**Data below:**

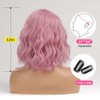 OUFEI Pink Wigs for Women Short Wavy Wig With Bangs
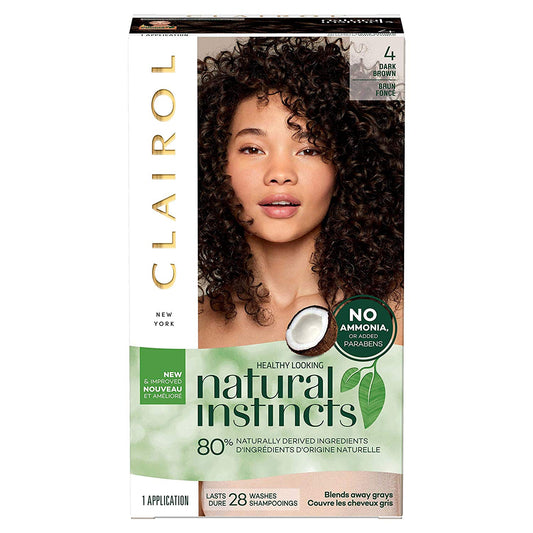 Clairol Natural Instincts Hair Color, 28 Nutmeg, Dark Brown, 1 Kit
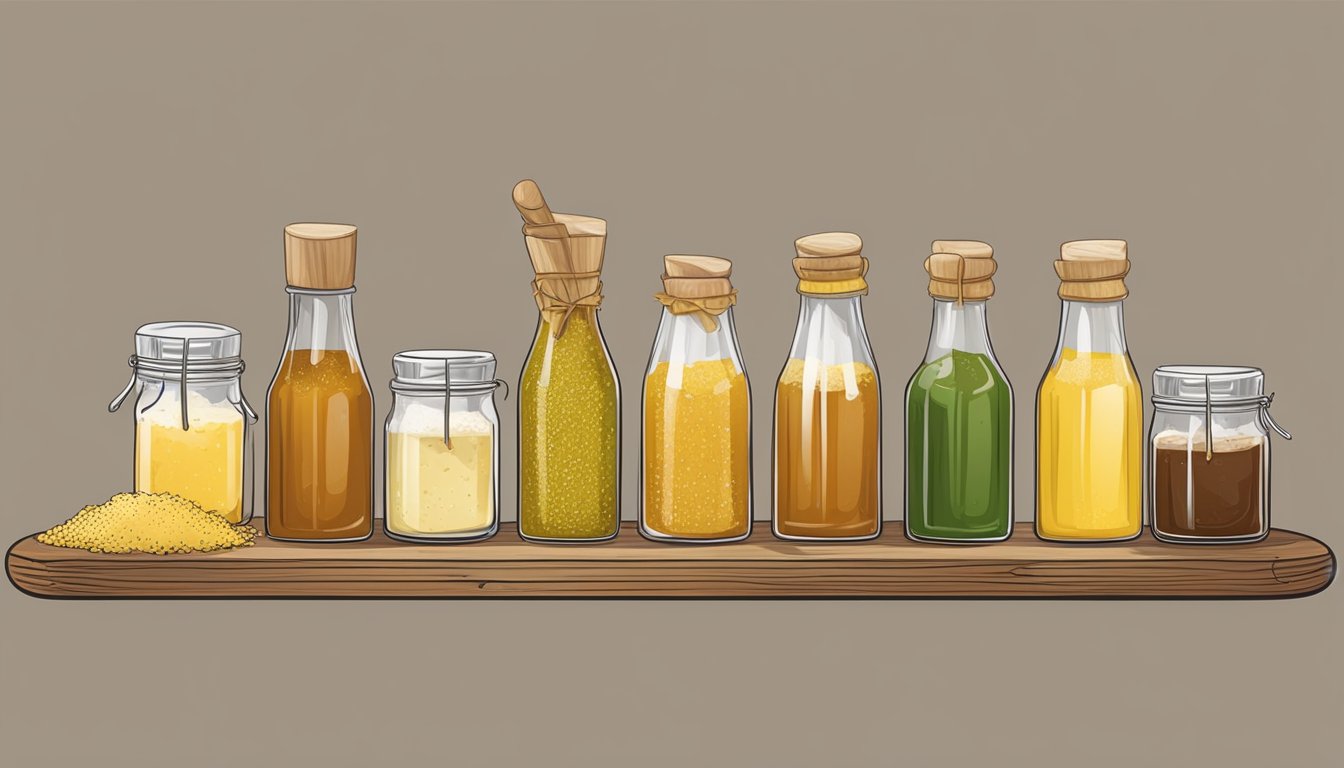 A spread of various condiments, including champagne mustard substitutes, arranged on a rustic wooden board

**What is being asked:** Print out the complete listing above exactly, dropping each image.

**Output:**
 OUFEI Pink Wigs for Women Short Wavy Wig With Bangs
 Clairol Natural Instincts Hair Color, 28 Nutmeg, Dark Brown, 1 Kit
 A spread of various condiments, including champagne mustard substitutes, arranged on a rustic wooden board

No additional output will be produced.